Lest it get stuck at that impasse, the pulling has fallen to Matthew and I (and Domen did a smidge from a hackathon). This has been slow because we are few and (at least I personally) have very little bandwidth to dedicate to it.

At least one person from DetSys shows up to each of the bi-weekly installer WG calls where they communicate what they’re up to, answer codebase/process questions, provide advice if we’re PRing something upstream, etc. They’re also receptive to any feedback we have on changes that could minimize the friction we encounter trying to follow them.

There’ve also been a few multimonth periods where it’s just made more sense to sit around and wait:

• For much of 2023 it didn’t make sense to do much until a large refactor was baked.
• As of late this Spring we mostly just needed to figure out an initial release process and then nudge more official teams to finally get it ~hosted under nixos.org, but the macOS Sequoia update breaking existing Nix installs consumed the focus of installer WG meetings from June through September–and it again didn’t make much sense to put effort into syncing up until it was clear that our Sequoia mitigations were going well. (I woke up early to take a look at the conflicts before work this morning, but I’ve burned that time on this message.)

The Nix team was clear that it didn’t want some of the opinionated features of the installer, so Matthew has had to work on replacing some of those parts with implementations that are equivalent to the official installer. (Since we intend to follow the DetSys upstream, this also means we have meaningful diffs to maintain during sync-up.)

That’s correct. Sorry for misinformation, should’ve double checked.

Out of curiosity: what are those opinionated features? We removed some too, but it wasn’t a large churn. But CppNix approach towards what’s “opinionated” and what’s not is likely different.

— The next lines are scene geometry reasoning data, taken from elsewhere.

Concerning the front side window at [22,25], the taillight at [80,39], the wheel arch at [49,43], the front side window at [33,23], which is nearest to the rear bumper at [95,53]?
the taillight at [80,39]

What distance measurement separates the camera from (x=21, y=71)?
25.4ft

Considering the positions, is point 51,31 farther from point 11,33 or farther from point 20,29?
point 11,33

Isn’t DetSys in essentially the same position as Flox? Neither company is or ever has been ‘the maker of Nix’, and both companies are offering open core products targeting enterprises where Nix itself comprises much of that ‘open core’. Each of them has an employee on the Nix team.

DetSys does not to me seem positioned to unilaterally ‘take Nix open-core’ by blocking the merging of certain kinds of features into Nix. A Nix team comprised of too many members of companies with substantial overlap in their products and strategies might risk that kind of problem, though.

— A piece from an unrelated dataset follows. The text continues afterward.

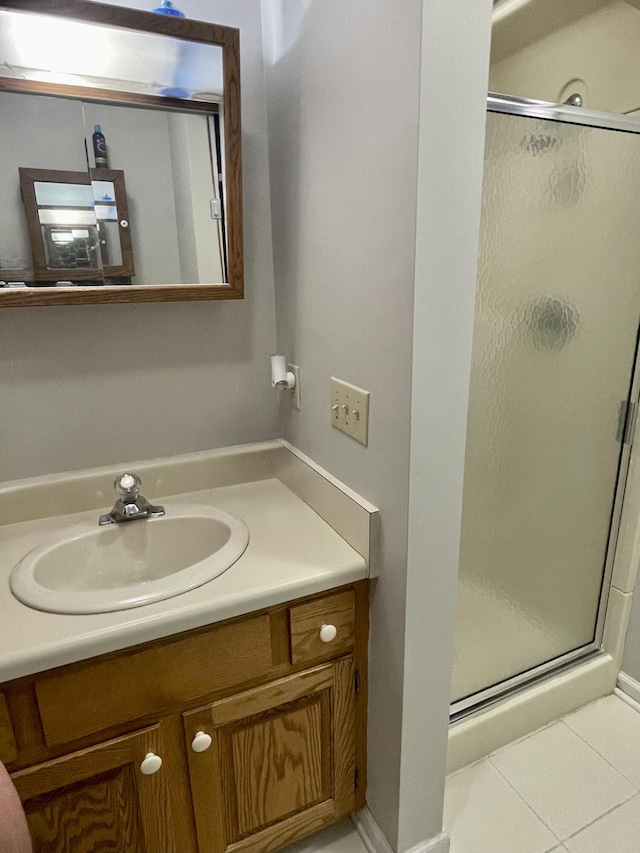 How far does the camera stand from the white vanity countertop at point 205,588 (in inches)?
33.5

It would be smart and helpful for DetSys to declare that they don’t have veto power over what goes into Nix.

It’d probably also be good for the Nix team to declare that no company does.

Similarly, it’d probably be helpful for a Steering Committee to eventually do something in conjunction with the Nix team to help show that they intend to do their best to ensure the Nix team is and will be composed such that it’s unlikely that many members will share an interest in such gatekeeping. I imagine this is an issue of which any member of such a committee is likely to be well aware. Hopefully community leaders and the Nix team can work out a good plan to help grow the Nix team as a hedge against domination by companies (or groups of companies) whose material interests in Nix improvements are narrower than those of the wider community of users and developers.

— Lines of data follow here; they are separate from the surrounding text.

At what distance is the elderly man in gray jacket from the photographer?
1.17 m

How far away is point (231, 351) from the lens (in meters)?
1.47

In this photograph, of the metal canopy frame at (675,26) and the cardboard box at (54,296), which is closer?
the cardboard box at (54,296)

Seems doable, and basically one of the aims of a lot of recent and ongoing community work. Efforts to keep Nix free are only bolstered by friendly forks like Lix and Nixpkgs-targeting reimplementations like Tvix, too. As long as there’s a Nixpkgs/NixOS-compatible Nixlang implementation willing to accept whatever features, there’s kind of a cap on how much a company can benefit from keeping those features out of CppNix, even if they could.

There’s plenty of other places for a company like DetSys to add value or compete if Nix gets better builtins for authenticating to private repos or whatever. I think these concerns are valid and important— we’ve all seen open-core projects reject PRs to sustain their commercial developers’ respective ‘moats’. But I don’t think the overall picture here looks that much like pre-fork Terraform or GitLab or whatever, and it seems like we’re finally growing a governance structure that can work to ensure things stay that way.